Click what start button? The switch on the stove is toggle on / off. Is that what you are referring to?

Sounds like the thermopile might be getting weak. Does it ever shut off by itself while running? Other possibility is the switch wiring has a loose connection.


----------



## DAKSY (Jan 3, 2011)

jtp10181 said:
			
		

> Click what start button? The switch on the stove is toggle on / off. Is that what you are referring to?
> 
> Sounds like the thermopile might be getting weak. Does it ever shut off by itself while running? Other possibility is the switch wiring has a loose connection.



+1. Also check the t-pile connections. If the screws at the terminal block are not tight, intermittent ignition can also happen.


----------



## LAndrim (Jan 3, 2011)

jtp10181 said:
			
		

> Click what start button? The switch on the stove is toggle on / off. Is that what you are referring to?
> 
> Sounds like the thermopile might be getting weak. Does it ever shut off by itself while running? Other possibility is the switch wiring has a loose connection.

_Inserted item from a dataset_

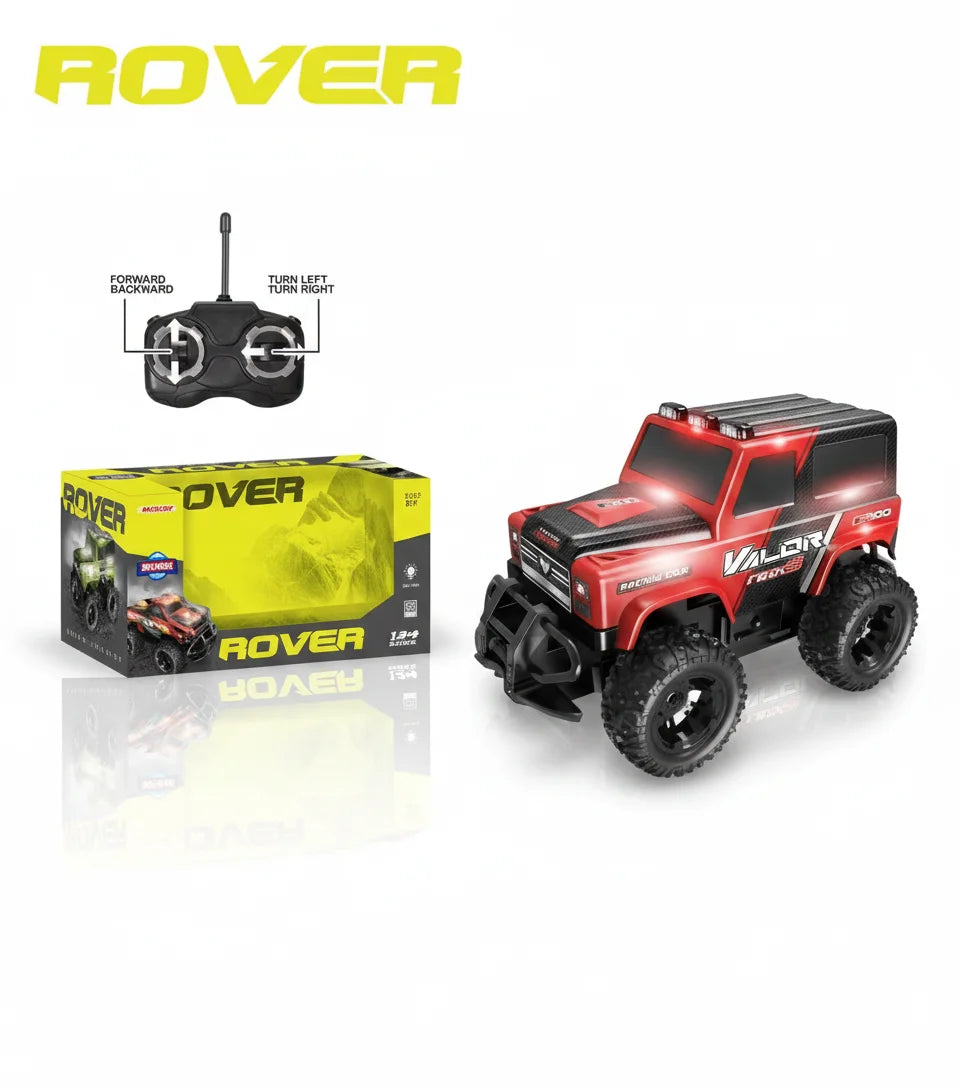 RC Rover Truck Off-Road Mini Jeep Toy – USB Rechargeable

Sorry, yes, I switch I referred to is the on/off switch.  Yes, it has shut of twice while running. Would this be the thermopile you referred to? First thing I did was check all the wires to make sure they weren't frayed or loose, so they are all in good shape. Would you advise replacing the thermopile? Thanks much!


----------



## Wood Heat Stoves (Jan 3, 2011)

replace if lower than 325 mv w/o any load


----------



## ruth140 (Jan 4, 2011)

does the pilot light stay on?


----------



## LAndrim (Jan 4, 2011)

ruth140 said:
			
		

> does the pilot light stay on?


Yes, there is no problem with the pilot, just the need to turn the On/off switch at least a half dozen times.  All connections are tight.
Thanks!


----------



## ruth140 (Jan 4, 2011)

not sure but you might need a new switch. if you "jump" the wires and it unit turns on and stays on...then you can determine that its the switch itself thats bad


----------



## DAKSY (Jan 4, 2011)

ruth140 said:
			
		

> not sure but you might need a new switch. if you "jump" the wires and it unit turns on and stays on...then you can determine that its the switch itself thats bad



Possibly. It could also be the wiring TO the switch...


----------



## LAndrim (Jan 5, 2011)

Thanks all...

I'll try all your suggestions...one of them has to work.  Again, you guys are great..much appreciated!


----------